For DeBoer, he was asked to describe a living legend in goaltender Martin Brodeur, a player who is just four years his junior. DeBoer could not find the right word.
"I wish I was that eloquent, that I had more ways to phrase it for you," DeBoer said. "I mean, what else can you say?"
Brodeur, 40, already has three Stanley Cup rings. He is tops in NHL history among goaltenders in wins, games played, saves, shutouts and minutes.
Brodeur has more wins in the Stanley Cup Final (17) than most players could dream of taking warm-ups in during the course of a career.
Yet, Brodeur seems to be saving his best for what may well be the swansong of his storied career.
When the Devils knocked off Los Angeles in Game 5 in Newark, hurtling the Stanley Cup across three time zones for yet another elimination game, it was not because Zach Parise connected on a stuff attempt or unlikely hero Bryce Salvador netted the game-winner. It was not because the Los Angeles Kings couldn't capitalize on their power plays. It was not because the Devils' relentless forecheck kept them in the game.
All of those were contributing factors, for sure.
For New Jersey, it started and ended with Brodeur.
"His performance speaks for itself. It's the timing of it," DeBoer explained. "I think the fact that we're 10-1 in Games 4-7 of a playoff series (this year) is a testament to how he enjoys that type of pressure."
Pressure?
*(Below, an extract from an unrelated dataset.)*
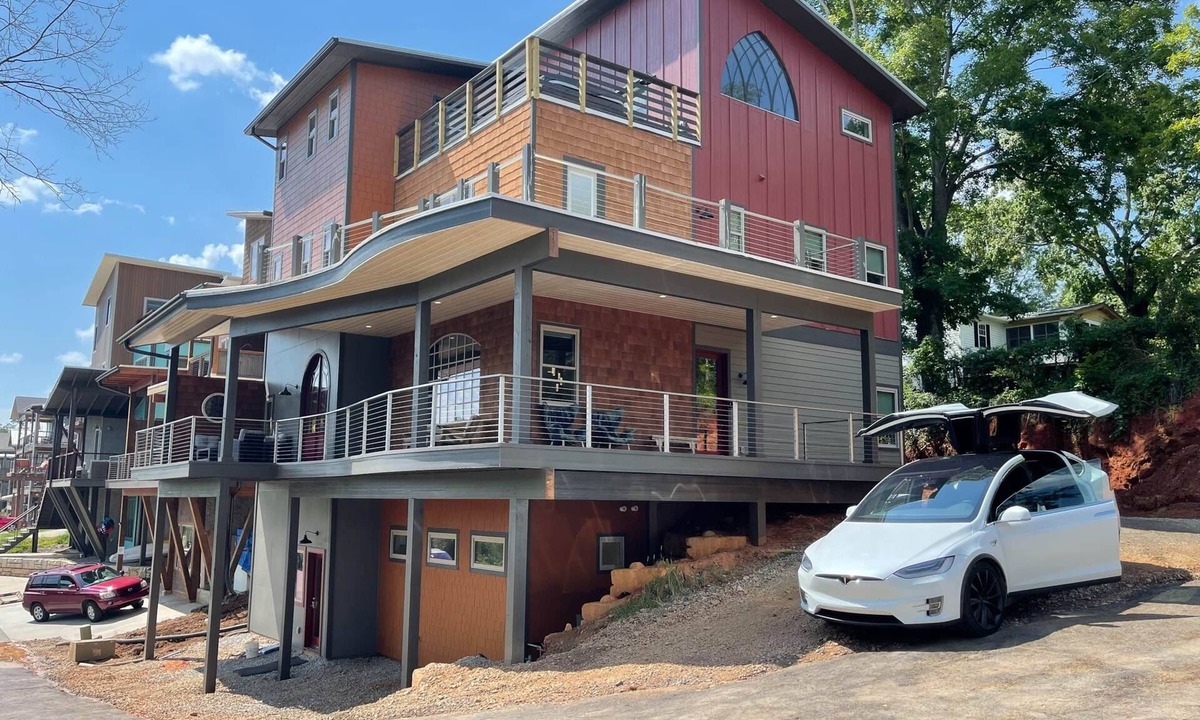 Asheville House | Upstream Bachelor Sanctuary - DOWNTOWN LOCATION!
Martin Brodeur laughs in the face of pressure.
In fact, Brodeur seemed more genuinely worried about his son getting his driver's license for the first time this week than he was about the Devils bowing down to the Kings.
Meanwhile, Jonathan Quick - who was awfully quickly nicknamed "Vezina Smythe" by a teammate or two - was busy bobbling pucks behind his own goal line in Game 5, leading to Parise's goal. That turnover put the Kings in a hole heading into the second period for just the second time these playoffs.
When the Kings were busy planning their parade route after Game 3, and players were dreaming of how they were going to spend their 24 hours with Lord Stanley's mug, Brodeur was busy preparing. He has been here before; four times, in fact. The Kings have never won a championship in 44 seasons.
"I think they're so close to winning the Stanley Cup that I'm sure it's getting to them a little bit, to be able to have all these chances and not capitalize on them," Brodeur said after Game 5. "We're just looking to stay alive."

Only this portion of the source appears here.